--- Recorded information ---
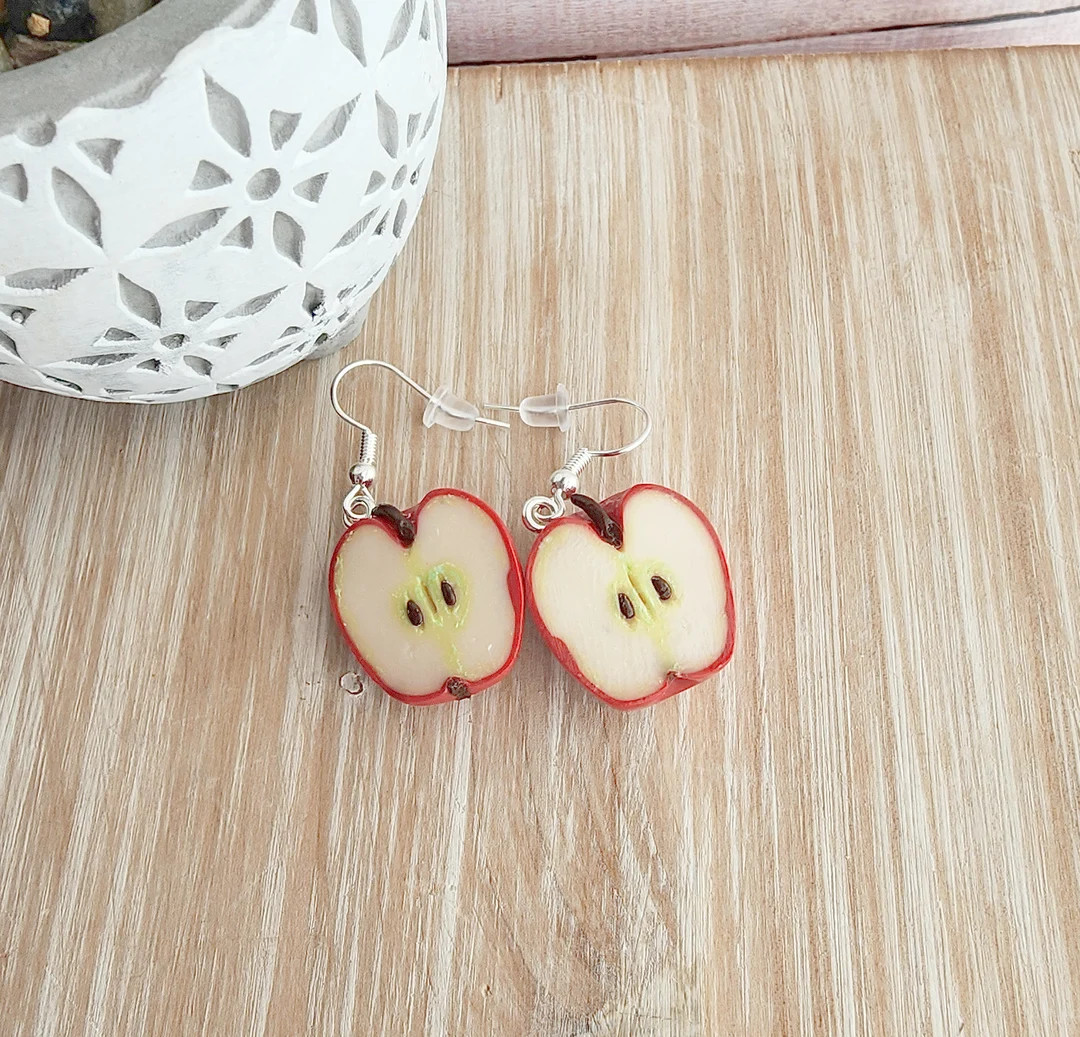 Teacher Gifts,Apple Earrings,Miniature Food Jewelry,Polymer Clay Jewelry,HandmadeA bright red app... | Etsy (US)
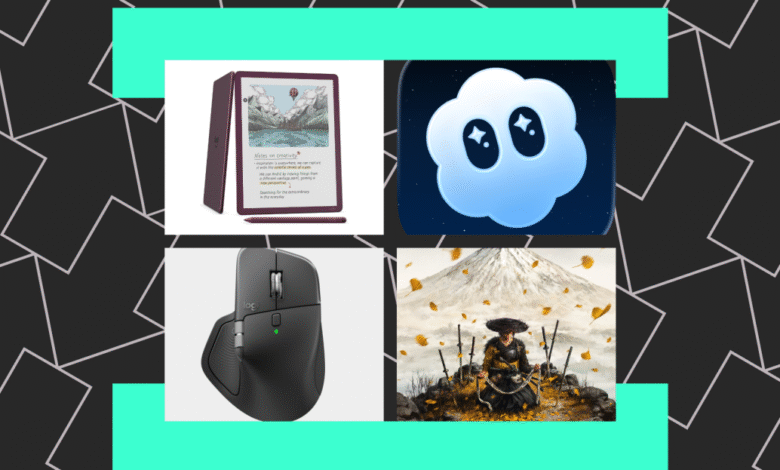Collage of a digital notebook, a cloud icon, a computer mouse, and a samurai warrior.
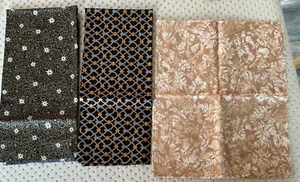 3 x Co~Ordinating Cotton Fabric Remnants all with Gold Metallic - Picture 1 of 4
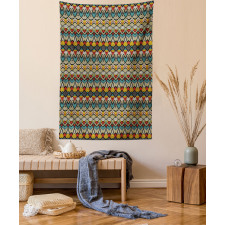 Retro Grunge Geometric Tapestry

--

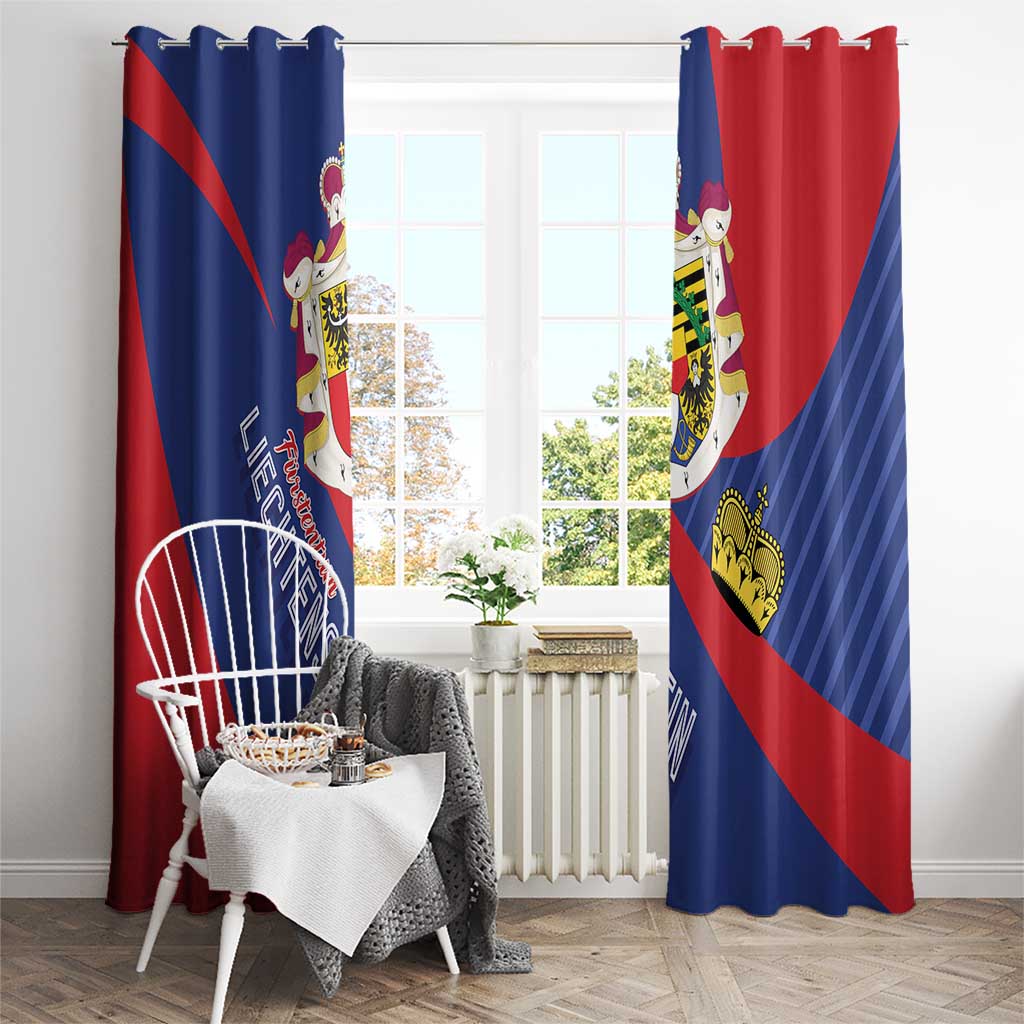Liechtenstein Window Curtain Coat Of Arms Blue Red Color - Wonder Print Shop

* * *

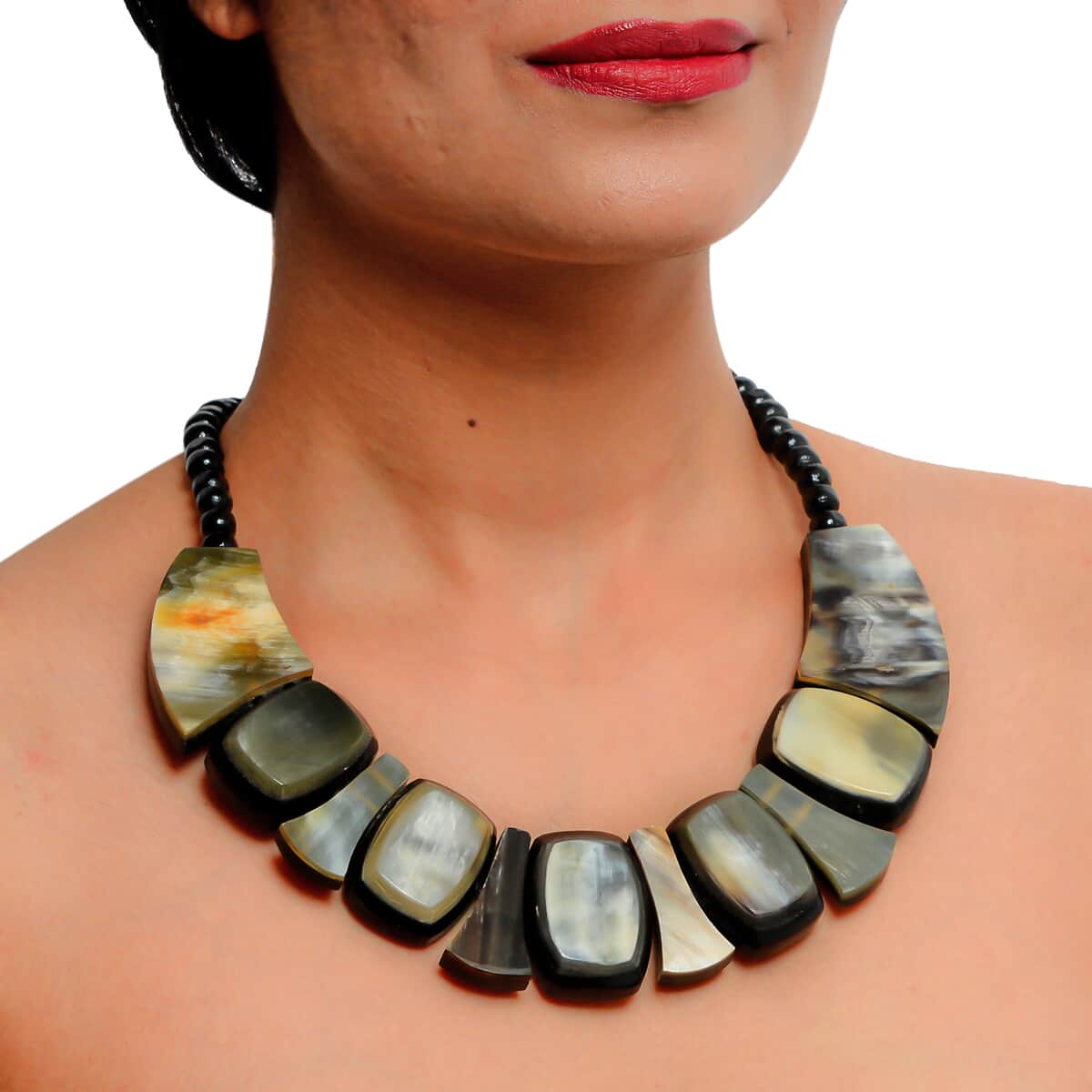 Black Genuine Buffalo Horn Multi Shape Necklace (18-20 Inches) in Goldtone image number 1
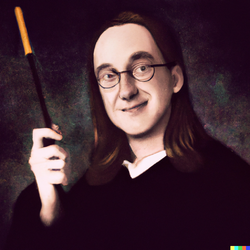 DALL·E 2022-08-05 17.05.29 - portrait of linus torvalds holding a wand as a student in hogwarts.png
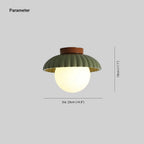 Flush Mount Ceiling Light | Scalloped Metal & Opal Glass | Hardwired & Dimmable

--- Aim of the exercise ---
Copy exactly the lines of the entries above from the one containing "Teacher Gifts,Apple Earrings,Miniature" through the one containing "Retro Grunge Geometric Tapestry". Both end lines count; pictures do not.

--- Result of this task ---
 Teacher Gifts,Apple Earrings,Miniature Food Jewelry,Polymer Clay Jewelry,HandmadeA bright red app... | Etsy (US)
Collage of a digital notebook, a cloud icon, a computer mouse, and a samurai warrior.
 3 x Co~Ordinating Cotton Fabric Remnants all with Gold Metallic - Picture 1 of 4
 Retro Grunge Geometric Tapestry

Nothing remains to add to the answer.